→ **Exercise brief**:
Each line of the data must be written out again verbatim; no image belongs in the copy.

→ **Supplied data**:
○ ○ ○ ○ ○

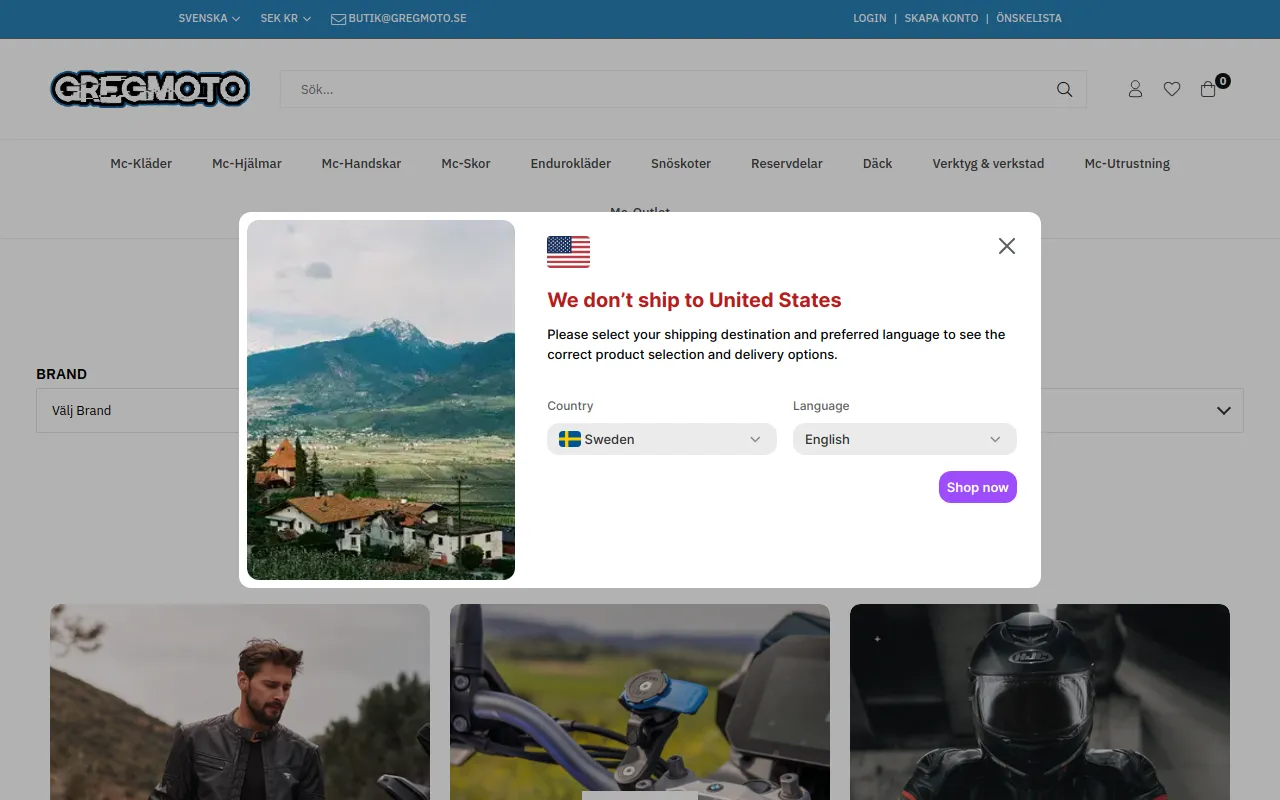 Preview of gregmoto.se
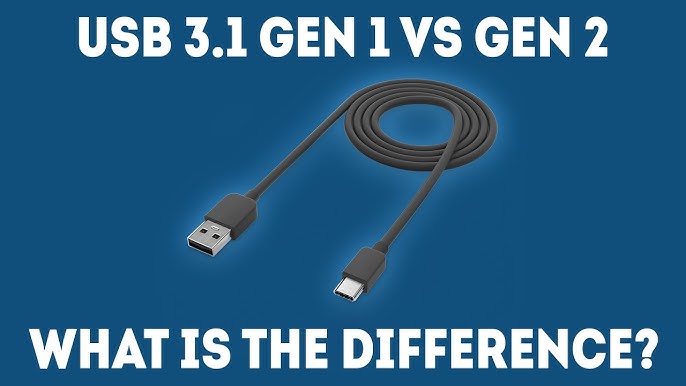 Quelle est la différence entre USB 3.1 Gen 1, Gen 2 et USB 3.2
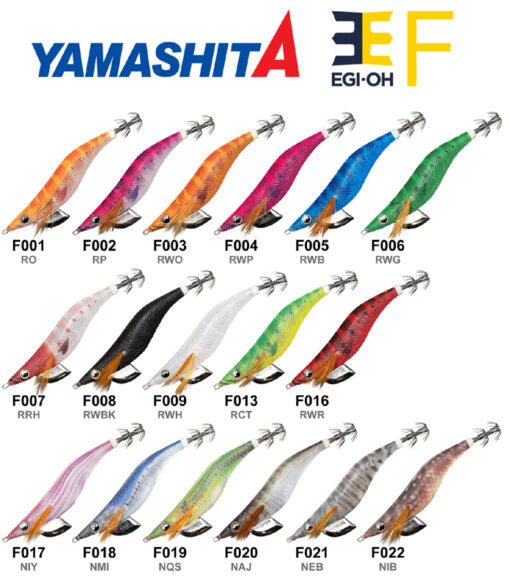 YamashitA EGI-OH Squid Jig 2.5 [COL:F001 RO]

○ ○ ○ ○ ○

→ **Result of the task**:
 Preview of gregmoto.se
 Quelle est la différence entre USB 3.1 Gen 1, Gen 2 et USB 3.2
 YamashitA EGI-OH Squid Jig 2.5 [COL:F001 RO]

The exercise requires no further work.